Your goal: Everything from the line containing "Czarna pikowana torebka" through the last line of the data below is to be retyped exactly, apart from the pictures.

Information shown:

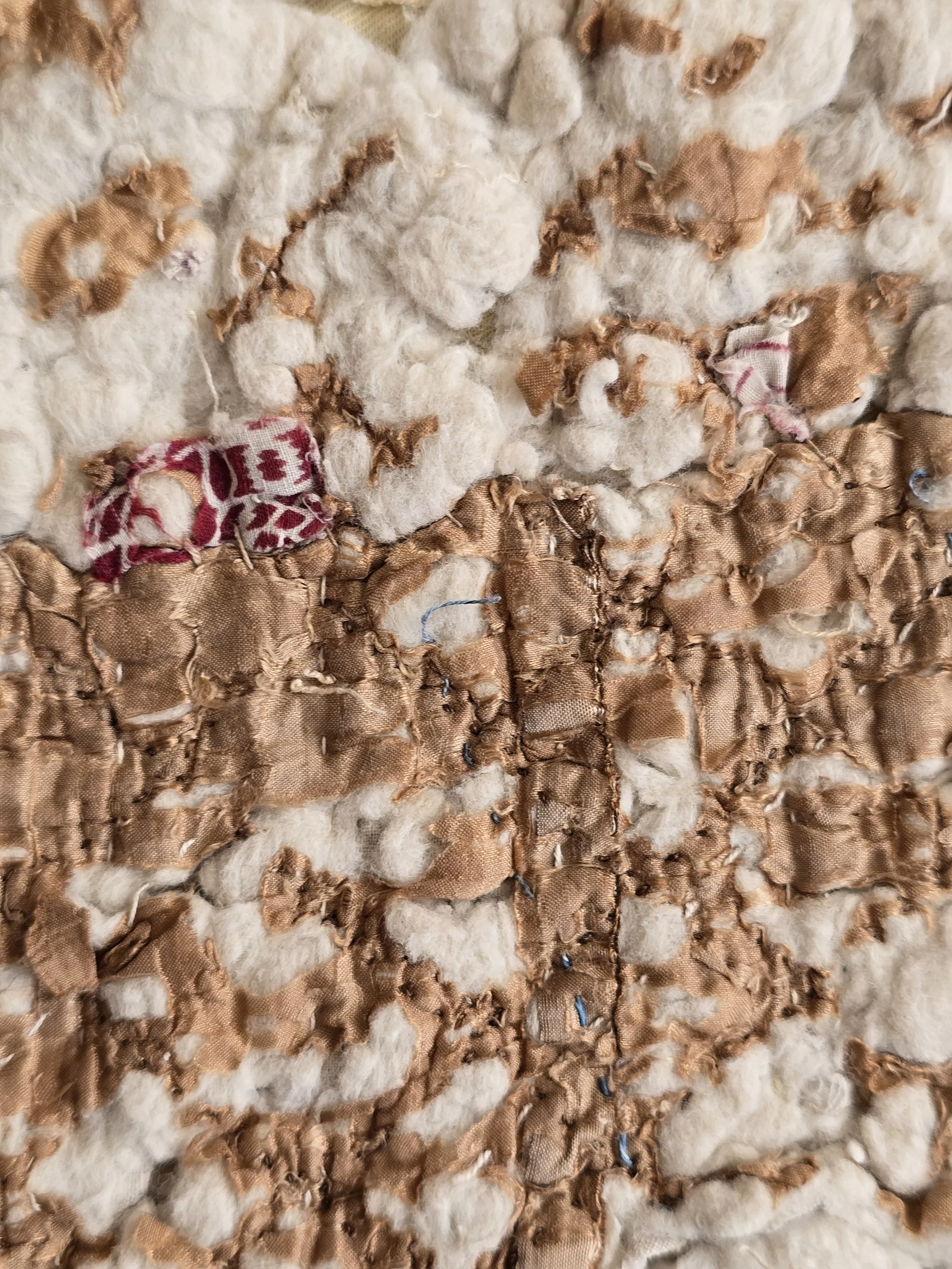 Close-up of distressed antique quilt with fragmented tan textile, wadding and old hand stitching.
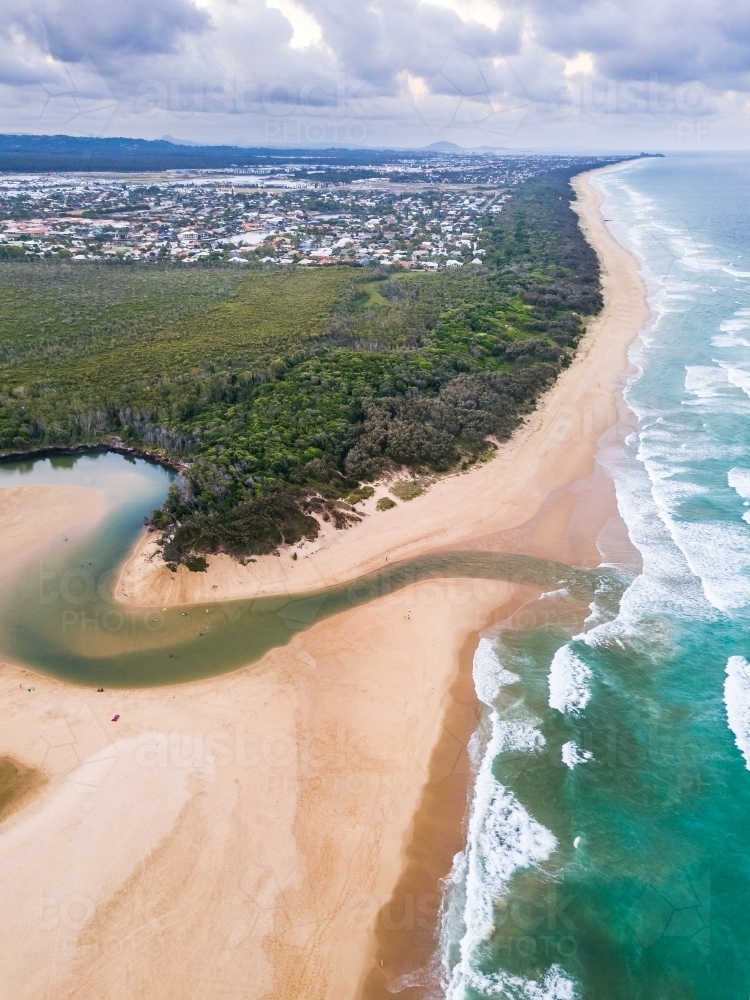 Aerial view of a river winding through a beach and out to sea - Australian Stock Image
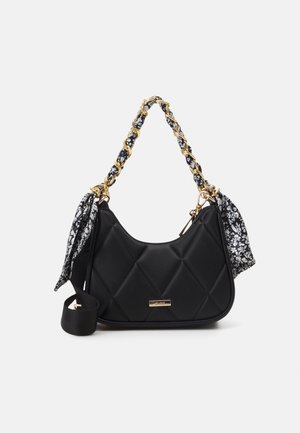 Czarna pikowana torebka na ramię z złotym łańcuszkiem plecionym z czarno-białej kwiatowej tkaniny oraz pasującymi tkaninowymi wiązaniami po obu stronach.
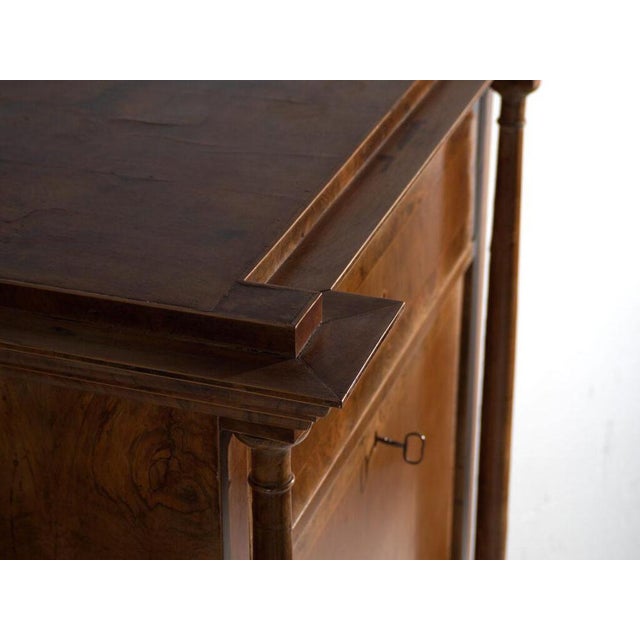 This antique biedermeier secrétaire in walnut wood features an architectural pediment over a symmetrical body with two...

Response:
 Czarna pikowana torebka na ramię z złotym łańcuszkiem plecionym z czarno-białej kwiatowej tkaniny oraz pasującymi tkaninowymi wiązaniami po obu stronach.
 This antique biedermeier secrétaire in walnut wood features an architectural pediment over a symmetrical body with two...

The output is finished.